EXERCISE INSTRUCTIONS >> Return only that part of the material below which starts with the line containing "Sterling silver Nakshi" and goes on through the line containing "toyota sienna minivan", restated exactly.

DATA SHOWN >>
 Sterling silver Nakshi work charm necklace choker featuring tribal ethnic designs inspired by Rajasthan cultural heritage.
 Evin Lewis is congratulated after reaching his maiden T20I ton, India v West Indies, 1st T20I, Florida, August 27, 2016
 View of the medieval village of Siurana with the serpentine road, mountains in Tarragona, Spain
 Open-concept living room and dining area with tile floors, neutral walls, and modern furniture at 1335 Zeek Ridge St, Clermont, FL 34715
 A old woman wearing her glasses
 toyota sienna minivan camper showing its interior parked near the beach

* * *

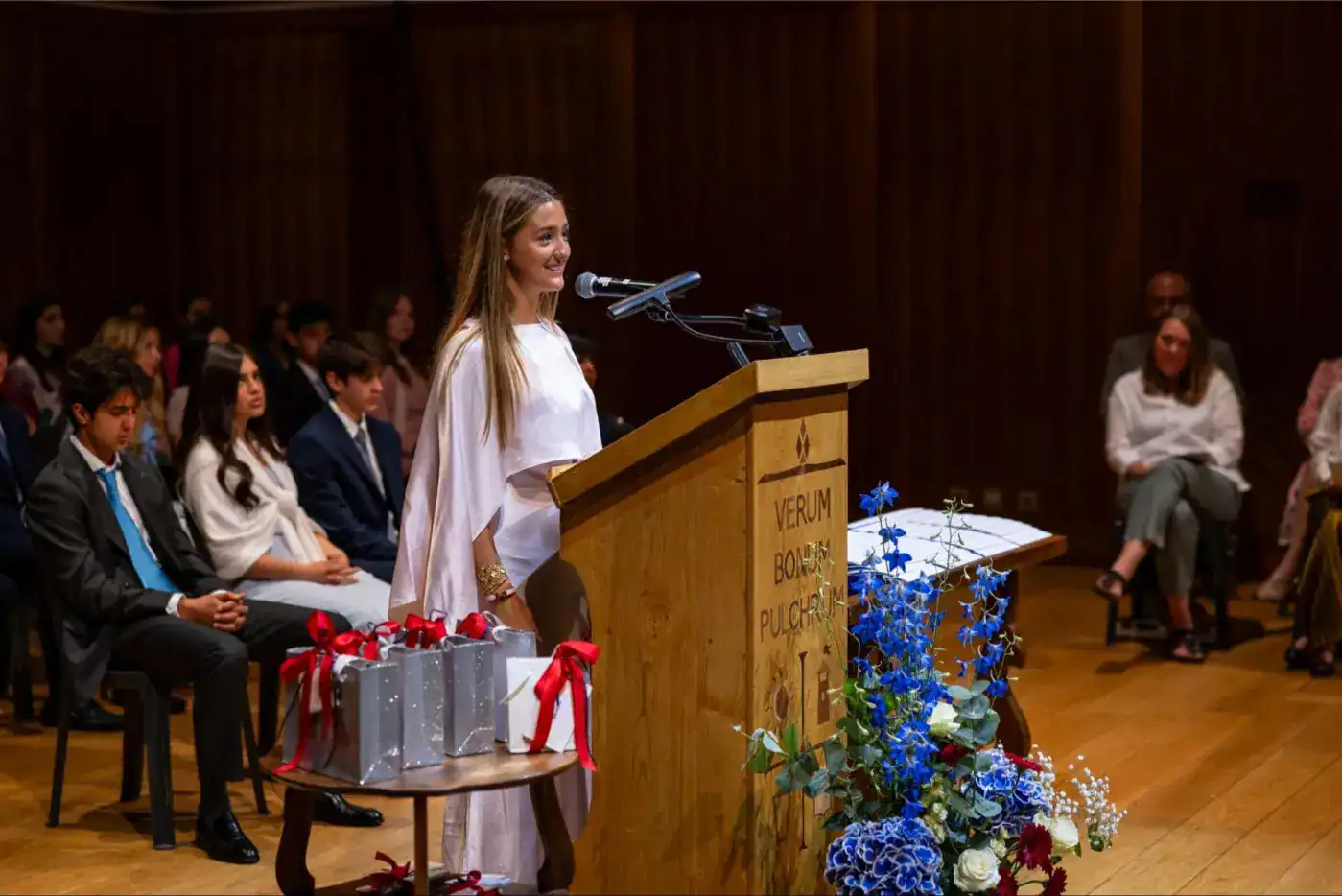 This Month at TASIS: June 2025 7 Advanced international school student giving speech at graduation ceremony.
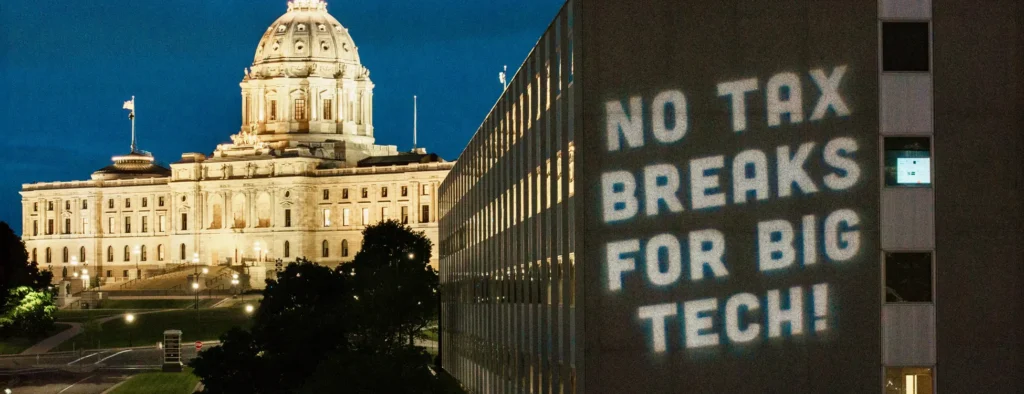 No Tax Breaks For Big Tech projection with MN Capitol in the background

RESPONSE FOR THIS EXERCISE >>
 Sterling silver Nakshi work charm necklace choker featuring tribal ethnic designs inspired by Rajasthan cultural heritage.
 Evin Lewis is congratulated after reaching his maiden T20I ton, India v West Indies, 1st T20I, Florida, August 27, 2016
 View of the medieval village of Siurana with the serpentine road, mountains in Tarragona, Spain
 Open-concept living room and dining area with tile floors, neutral walls, and modern furniture at 1335 Zeek Ridge St, Clermont, FL 34715
 A old woman wearing her glasses
 toyota sienna minivan camper showing its interior parked near the beach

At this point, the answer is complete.